Patients experience prolonged pain after the prosthesis is fitted, function is limited and sometimes the joint swells. Fortunately, this is rare. The diagnosis is made by means of an anamnesis, physical examination, X-rays, blood tests and a joint puncture, possibly supplemented by an MRI scan and a leucocyte scan.

In these late infections, the prosthesis is always contaminated with bacteria. If the bacteria are known, a one-stage revision can be considered: the old prosthesis is removed, the area is cleaned well and a new prosthesis is placed immediately afterwards.

An alternative is a 'two-stage revision': the old prosthesis is removed with cultures taken, the area is cleaned well and then a temporary prosthesis is placed with antibiotics.

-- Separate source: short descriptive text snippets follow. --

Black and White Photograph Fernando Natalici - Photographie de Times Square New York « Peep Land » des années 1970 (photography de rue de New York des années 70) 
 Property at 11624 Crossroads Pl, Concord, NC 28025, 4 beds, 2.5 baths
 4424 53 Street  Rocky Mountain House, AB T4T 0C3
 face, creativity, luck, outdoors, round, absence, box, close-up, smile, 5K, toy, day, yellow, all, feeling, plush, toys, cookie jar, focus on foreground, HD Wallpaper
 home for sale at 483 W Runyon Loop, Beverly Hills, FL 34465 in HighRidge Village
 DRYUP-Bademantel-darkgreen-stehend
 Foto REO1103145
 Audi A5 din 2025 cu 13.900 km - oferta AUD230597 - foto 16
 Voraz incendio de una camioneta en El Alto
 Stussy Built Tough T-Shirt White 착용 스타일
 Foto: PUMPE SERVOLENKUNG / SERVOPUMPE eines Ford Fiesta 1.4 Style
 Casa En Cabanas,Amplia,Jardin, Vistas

After the culture result 2 weeks later, a second operation can be planned to place the definitive prosthesis.

A two-stage revision is therefore done when it is unclear which bacteria caused the infection.


A recovery operation will be discussed with you well in advance. All pros and cons will be explained and the least invasive treatment will always be chosen. The goal should be that you are pain-free and mobile again in the short term. In general, you will be able to go home within 3 days after a recovery operation.